In other words, consent management aims to give data subjects a degree of choice and control, including the ability to positively opt-in and the possibility to later withdraw their consent to such processing.
Consent management is critical as it gives data subjects a degree of control over their privacy, as well as, an element of authority as to what personal information is obtained, to whom it is distributed, and for what purposes it is processed.
Therefore, what constitutes valid consent under the DP Law and how to ensure compliance with the new requirements is a core issue for organisations in the DIFC to understand.
To lawfully process personal data under the DP Law, there needs to be an evident lawful basis for the processing. The DP Law identifies six lawful bases for processing personal data, listed in Article 10, which include where the processing is:
Where reliance to process the personal data of an individual is based on the consent of the data subject, data controllers must comply with, and be able to demonstrate that, it is 'valid consent' under Article 12 of the DP Law.

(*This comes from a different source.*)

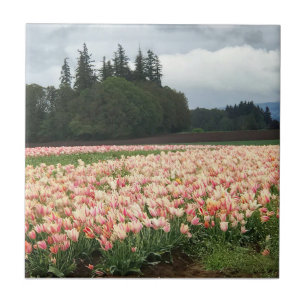 Azulejo Tulip Field, Oregón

Article 12 of the DP Law sets out what constitutes valid consent. Consent must be:
The data subject must have the option and genuine choice not to provide consent, if consent is to be 'valid'. If the data subject is seen to have been compelled to provide consent or may endure negative consequences if their consent is not given, then it is unlikely the consent will meet the Article 12 requirements, and therefore will be viewed as invalid.
Consent will be considered valid and freely given where it is distinguishable from other terms, especially non-negotiable conditions. This may be seen as problematic in employment relationships where there is an imbalance of power between the controller – the employer – and data subject – the employee.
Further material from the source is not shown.